Bored and filled to the brim, I listened as the others began to discuss beancurd rolls. Beancurd rolls are egg-crust-like rolls often enjoyed in Suzhou; Mrs W, from a northern province, had naturally never tasted it. Again, communication became asymmetrical: Mrs W wanted to know what beancurd rolls were, but my grandmother, believing she was asking about the roll’s name, mistakenly called them “potatoes”, which my mother was about to correct when Mrs W decided that they were "potato rolls.” Immediately it dawned on me: in Mrs W’s world, my family is likewise a family full of stories. We come from a mysterious region that produced "potato rolls”; we are three females living in Athens while the males remained at home; naturally, we have an unusual family dynamic. When I want to express my inner thoughts to my mother, I exchange looks with her or touch her hand under the table—a relationship full of storytelling potential. How many mother-daughter relationships resemble our equal and intimate friendship?
Yes, our own stories inevitably seem dull to us, but they become colorful when brought up during someone else’s meal.

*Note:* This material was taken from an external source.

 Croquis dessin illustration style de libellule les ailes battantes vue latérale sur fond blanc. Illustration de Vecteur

Our lives are like the dishes of uncooked food prepared for a hotpot: to us, cooking entails a brief dip in boiled water, but to others, our meagre servings are placed in the large, elaborately-decorated dishes seen at Michelin restaurants, accompanied by a small inedible flower that conceals the answer to our life’s riddle.

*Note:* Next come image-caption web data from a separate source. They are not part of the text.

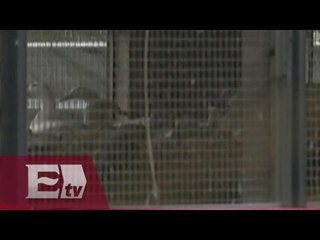 Alerta por casos de gripe aviar en Europa / Excélsior informa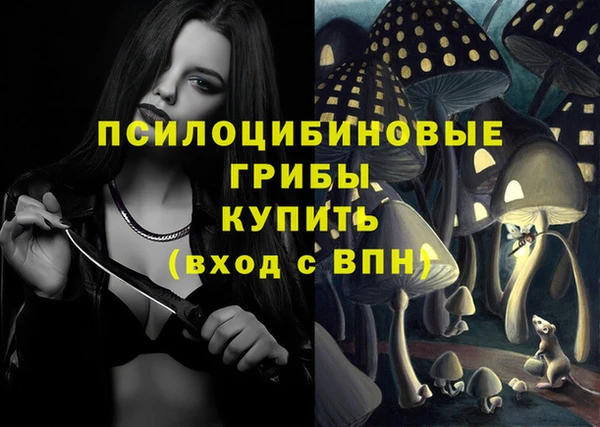 ALPHA-PVP Аркадак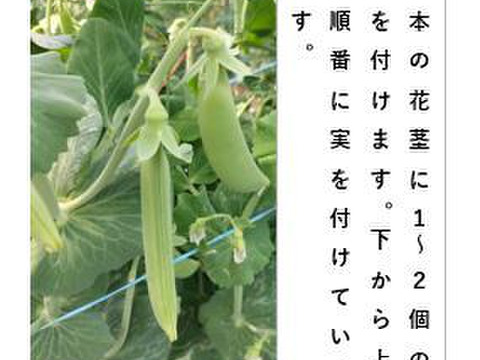 イチゴとスナップのセット＜いちご/１パック＋スナップ/約700g＞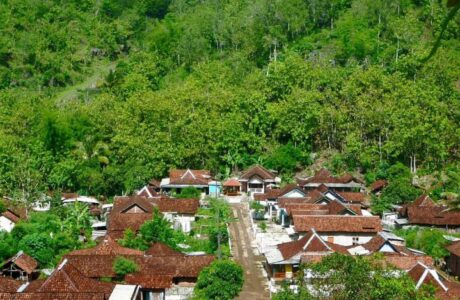 Wotawati Gunungkidul: Peluang Wisata dengan Daya Tarik Nuansa Kerajaan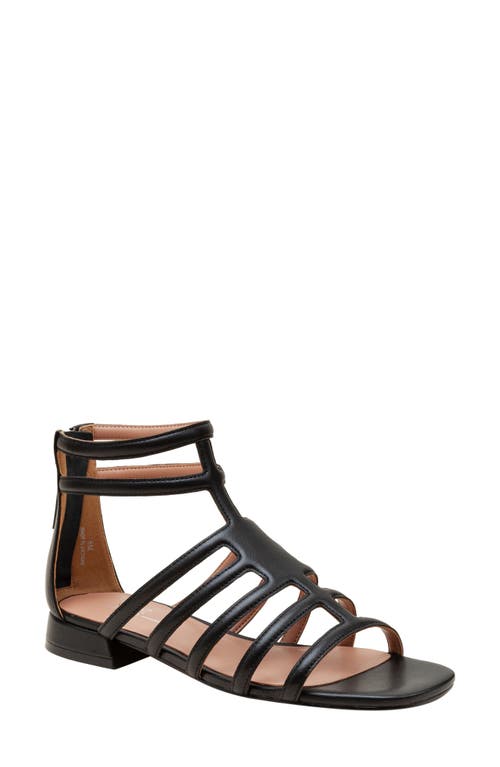 Linea Paolo Lital Strappy Sandal at Nordstrom,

After dinner, I went upstairs and found that a friend in China could no longer wait for midnight—instead of sending New Year’s well-wishes at the stroke of Athenian midnight, he sent it at the Chinese stroke. When he said that he did not know how important New Year’s Eve was to me, I felt inexplicably touched. In a conversation earlier that day, we had reached the agreement that although on New Year’s Eve, elements of superficial ceremony outweighed its actual value, our commitment to friendship meant that we nevertheless chose to exchange well-wishes on this day.
Those who celebrate New Year’s Eve are unaware of its true significance and aware that it serves mostly as an occasion for the exchange of polite nonsense. Nevertheless, the desire to wish each other well is genuine. But as my friend said, well-wishes and blessings will not be the more special on account of this day; how we have always blessed each other is how we will continue to bless each other today. So let me include my well-wishes to all who have read thus far:
Excel at what you do, take choices into your own hands, and live the life you want, a life that has its vast possibilities expanded in front of you.
Dear readers, I am not wishing you well only on this day, but merely saying aloud what I have secretly wished for you every single day of the year.